Quizás por el hecho de haber nacido en medio de una de las peores crisis económicas en la historia de México, aprendimos a distraernos con cualquier cosa para no prestar demasiada atención a las caras angustiadas de papá y mamá porque los números no les daban… porque el dinero no alcanzaba y en una de esas hasta perdíamos la casa.

De niños nos sentábamos junto al abuelo mientras él leía el periódico o escuchaba la radio.

Y cuando acababa de hacerlo, nos contaba su vida entera una y otra vez, y nosotros, encantados, lo escuchábamos sin importarnos que la historia fuera la misma o fuera mentira. 

Daba lo mismo.

A nosotros nos divertía.

Siendo chicos todavía, pero un poco más crecidos, pasábamos las tardes enteras jugando a la pelota, o a las escondidas, o al voto, o al futbeis, o a cualquier cosa que nos hiciera acabar sucios y empapados en sudor.

Todo antes de que comenzara a oscurecer, eso sí, porque entonces llegaba el grito de nuestros padres y ante ese grito lo que tocaba hacer era despedirnos rápido de los amigos y correr derechito a nuestras casas.

Si por ahí se nos ocurría quedarnos jugando un rato más, nuestros padres volvían a gritarnos, pero esta vez con más fuerza, y en una de esas con la chancla en la mano.

El tercer llamado era exclusivo de los más valientes.

O de los que no tenían verguenza, mejor dicho.

Porque a esos el tercer llamado les llegaba cara a cara, frente a todos.

Y ya no les pedían que volvieran a casa, sino que los llevaban de la oreja o de la camiseta y los obligaban a guardar sus pasos.

Ya estando en nuestro cuarto, si éramos de los que vivíamos en una de esas familias medio liberales, los martes a las nueve de la noche veíamos Otro Rollo, con Adal Ramones.

Y a las diez le cambiábamos a MTV (canal 32 de cablevisión, acá en Monterrey), y veíamos South Park.

Esto último ya a escondidas de nuestros padres, claro está.

Porque por muy liberales que estos fueran, ningún papá de aquellos años permitía que sus hijos se durmieran hasta tarde (tarde eran las once o las doce) viendo esa clase de contenido.

En la adolescencia disfrutamos de algunas fiestas.

Las de quinceaños y las que se organizaban con los amigos de la prepa.

Todo, claro, antes de que la inseguridad se adueñara de las calles y no se pudiera ir con calma ni a la tienda de la esquina… menos a bares ni a antros, y nosotros apenas teníamos diecisiete años.

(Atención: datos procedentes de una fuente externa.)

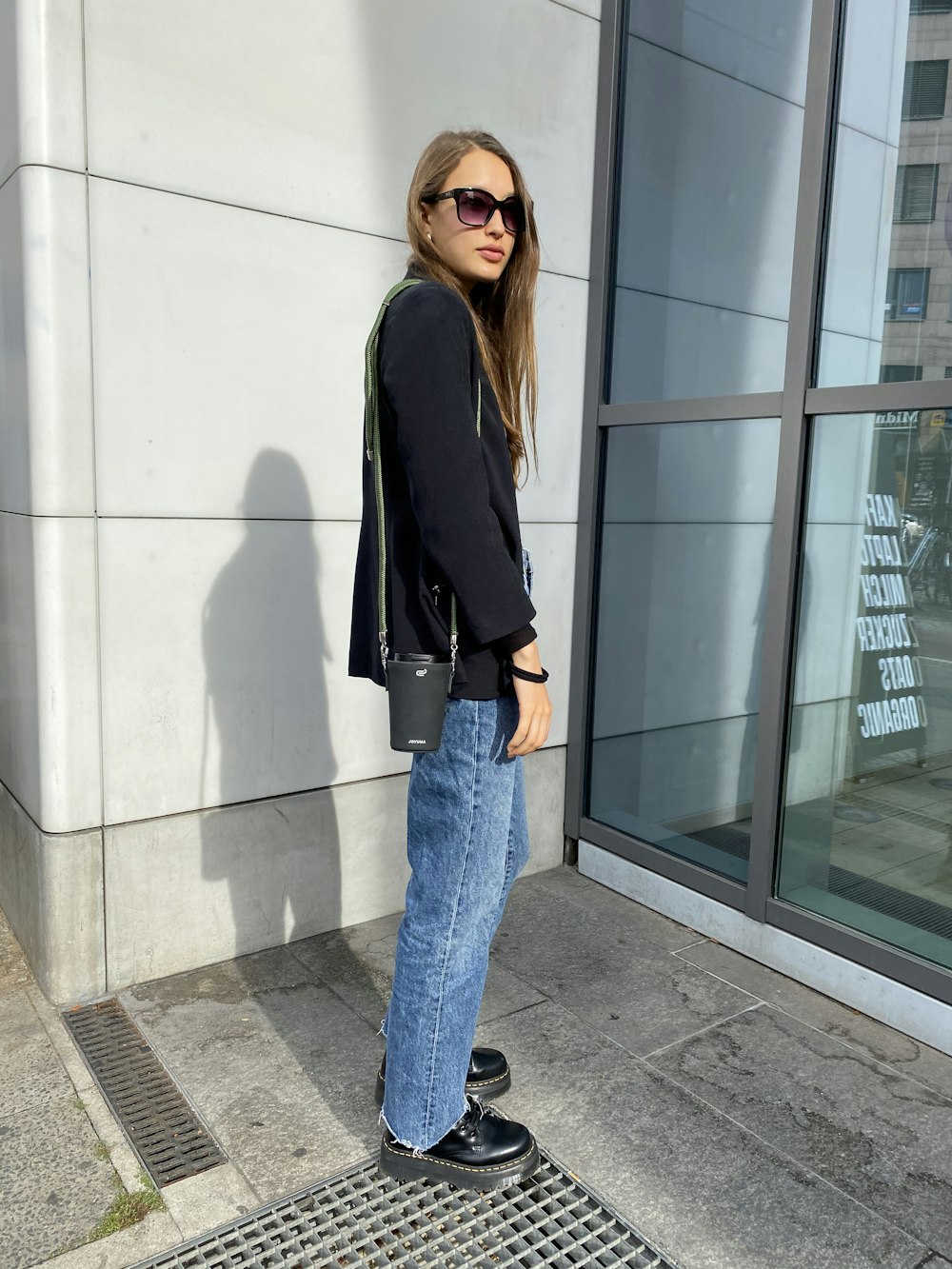 woman in black blazer and blue denim jeans standing near glass window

Nos acostumbramos a leer la palabra: ‘balacera’ en las tapas de los diarios, a escuchar de secuestros y cosas por el estilo en los noticieros locales.

‘Cuando todo mejore’, decíamos ingenuamente mientras trazábamos nuestros planes de fin de semana o de vacaciones con los amigos.

La cosa nunca mejoró, sin embargo, y tuvimos que aprender a divertirnos con ciertos cuidados; asumiendo ciertos riesgos.

Y de esa manera fuimos felices.

Con el reguetón, con los Nextel. Con los corridos y con la banda. Con el rock o con el pop, también. Con cualquier género que nos hiciera sentir bien.

Y de un momento a otro, en un abrir y cerrar de ojos, nos volvimos adultos.

Y de adultos nos dimos cuenta de que no siempre alcanza con estudiar y trabajar mucho para ganar mucho dinero. Que difícilmente compraremos una casa y la terminaremos de pagar antes de volvernos viejos. Que no habrá pensiones ni trabajos ‘estables’. Que la vida es más complicada de lo que pensábamos, y por eso muchos deciden no tener hijos y prefieren a los animales.

Los que nacimos en 1994 crecimos en medio de una terrible crisis y nos volvimos adultos en medio de otra igual o peor.

Porque la crisis de aquél entonces solo tenía que ver con dinero.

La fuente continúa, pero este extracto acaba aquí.